BEGIN Dataset excerpts
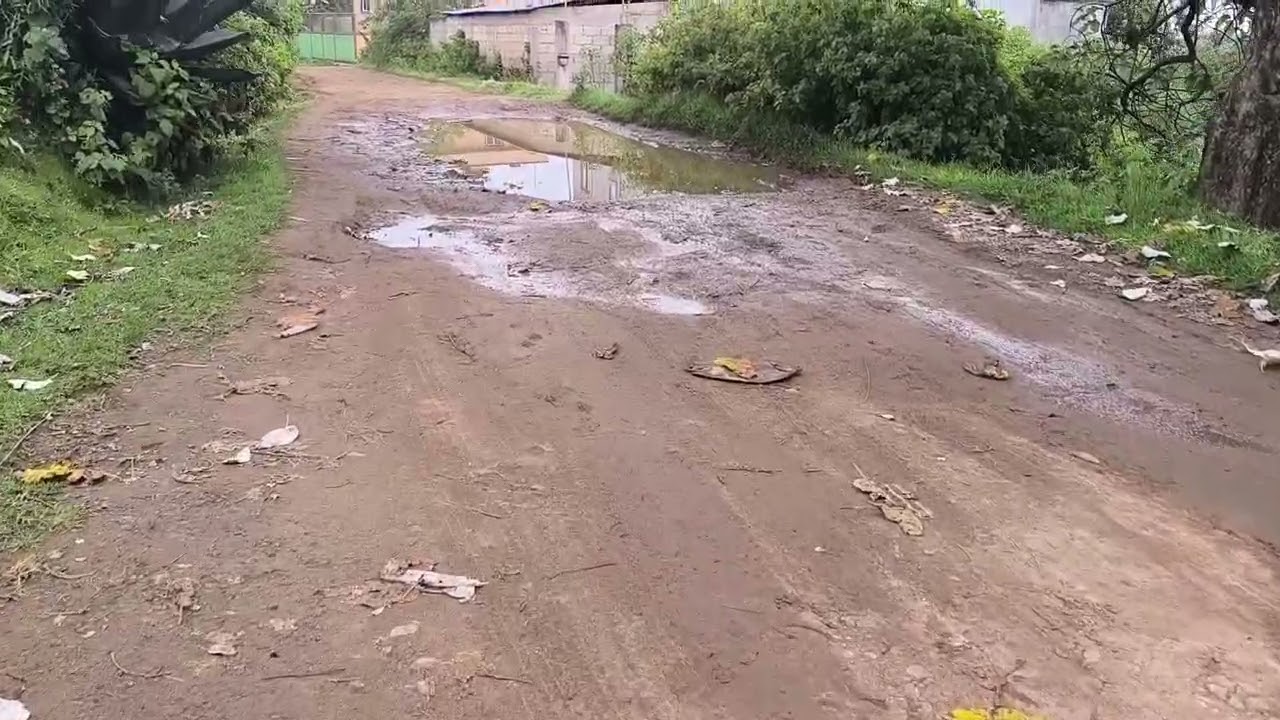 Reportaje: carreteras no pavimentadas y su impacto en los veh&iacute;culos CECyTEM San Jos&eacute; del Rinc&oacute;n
END Dataset excerpts
BEGIN Dataset excerpts
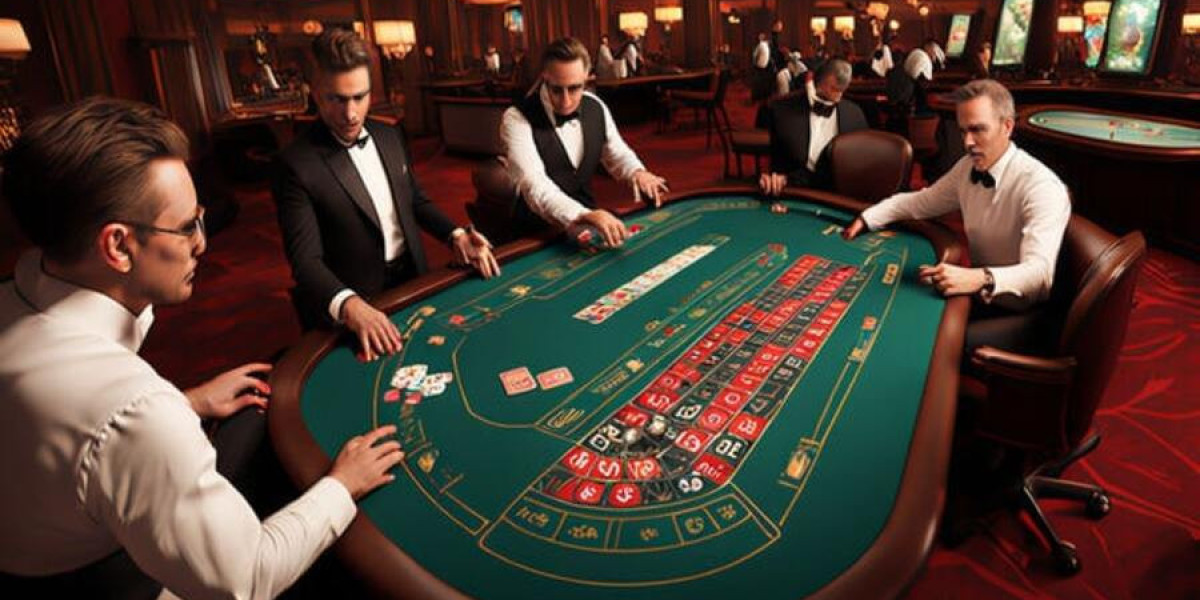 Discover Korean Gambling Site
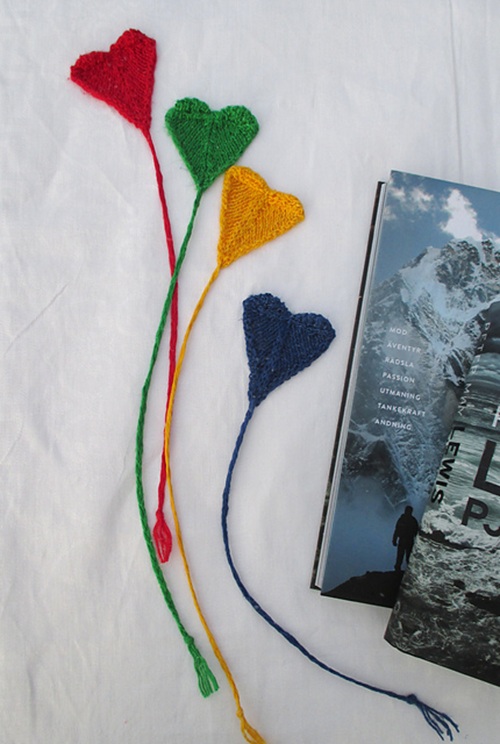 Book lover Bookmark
END Dataset excerpts
BEGIN Dataset excerpts
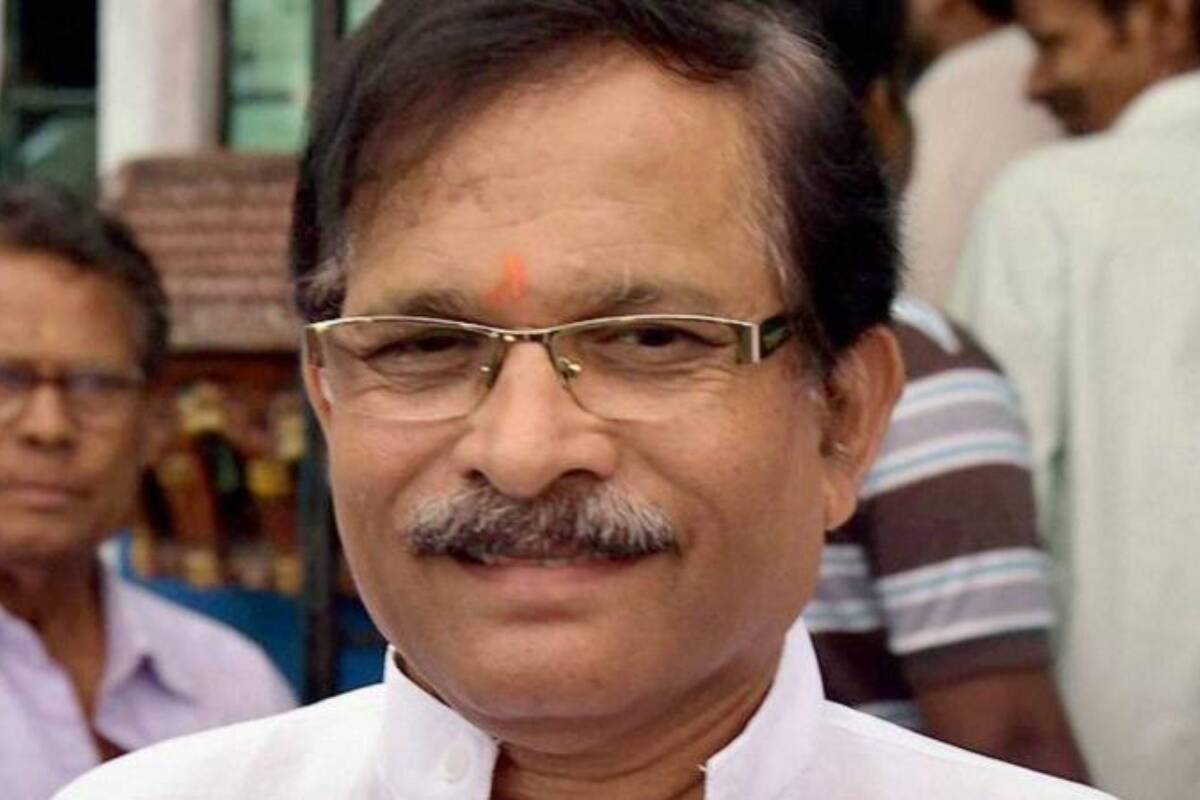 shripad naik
END Dataset excerpts
Assignment: Write out, word for word, the stretch of entries that begins at the line with "Discover Korean Gambling Site" and ends at the line with "Book lover Bookmark". Pictures do not belong in it.

Exercise result:
 Discover Korean Gambling Site
 Book lover Bookmark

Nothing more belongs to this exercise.